#### [SUPPLIED RECORDS]
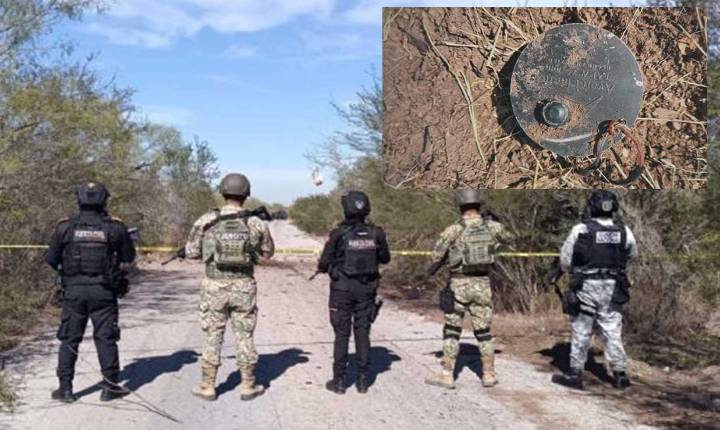 Tres incidentes con explosivos en Nuevo León causan un muerto y seis heridos
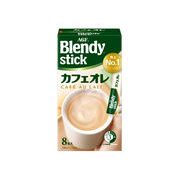 AGF ブレンディ スティック カフェオレ 8本x6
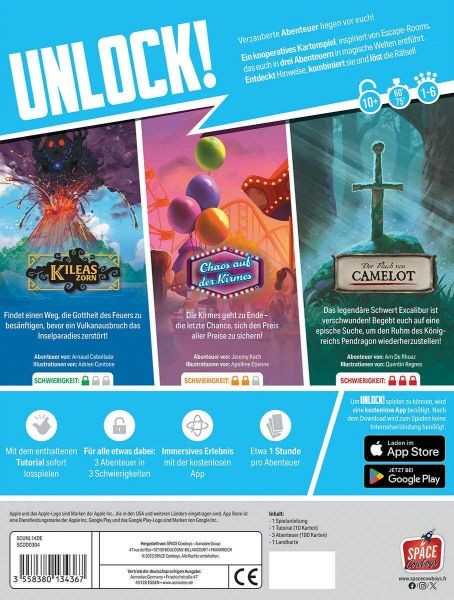 Space Cowboys Unlock!: Enchanted Adventures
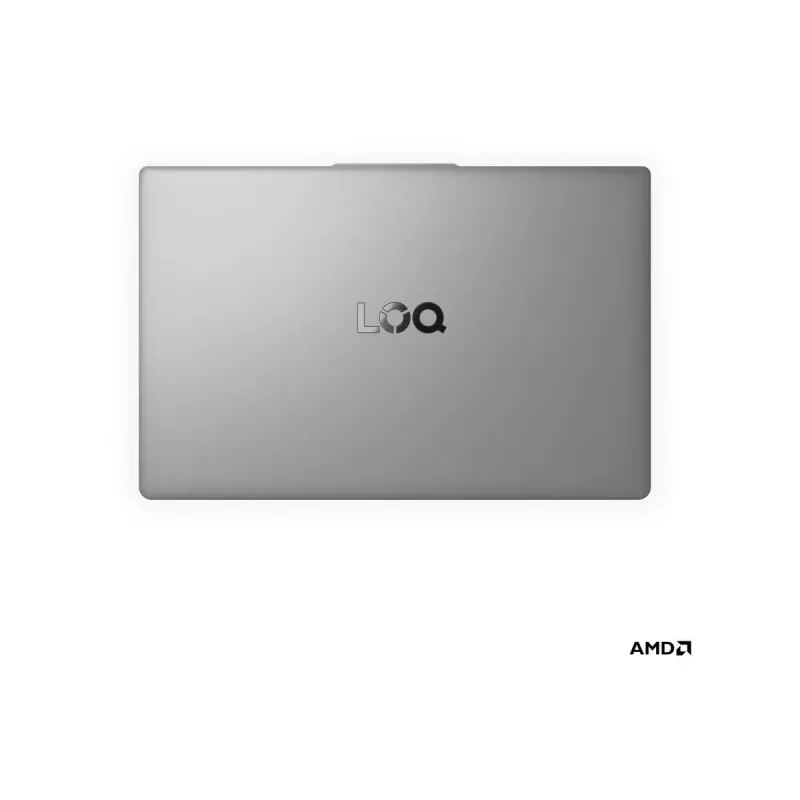 Nešiojamasis kompiuteris Lenovo LOQ 15ARP10E 15,6 col. FHD IPS Luna Grey – AMD Ryzen 7 7735HS, 16 GB DDR5, 512 GB SSD, NVIDIA RTX 4050 6 GB, Win11 Home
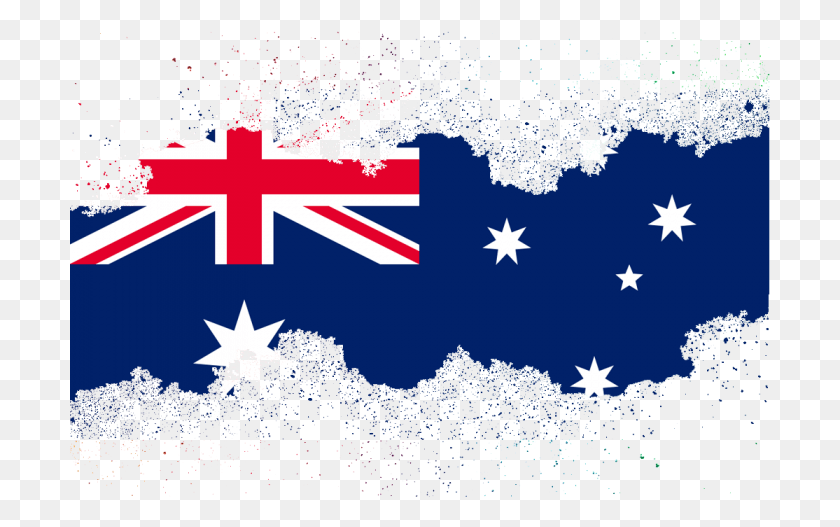 701x467 Счастливый День Австралии Вектор Гранж Флаг Австралии, Символ, На Открытом Воздухе, Природа Hd Png Скачать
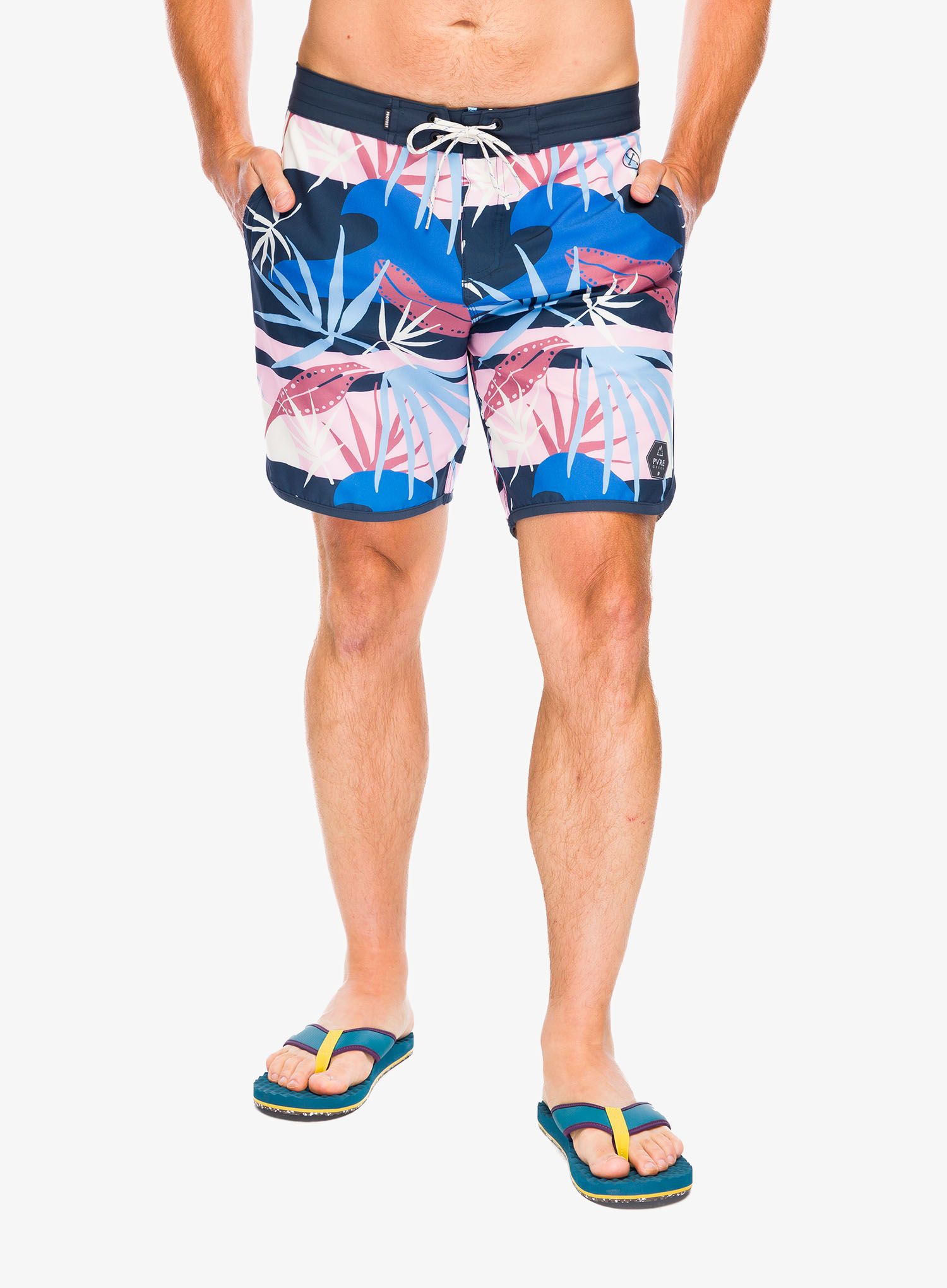 Шорти Protest Prtaddo Beachshort - night sky blue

#### [WORK ORDER]
Nothing but the lines from the line containing "Space Cowboys Unlock!: Enchanted Adventures" through the last line of the records above should be written out, exactly and without the pictures.

#### [TASK OUTPUT]
 Space Cowboys Unlock!: Enchanted Adventures
 Nešiojamasis kompiuteris Lenovo LOQ 15ARP10E 15,6 col. FHD IPS Luna Grey – AMD Ryzen 7 7735HS, 16 GB DDR5, 512 GB SSD, NVIDIA RTX 4050 6 GB, Win11 Home
 701x467 Счастливый День Австралии Вектор Гранж Флаг Австралии, Символ, На Открытом Воздухе, Природа Hd Png Скачать
 Шорти Protest Prtaddo Beachshort - night sky blue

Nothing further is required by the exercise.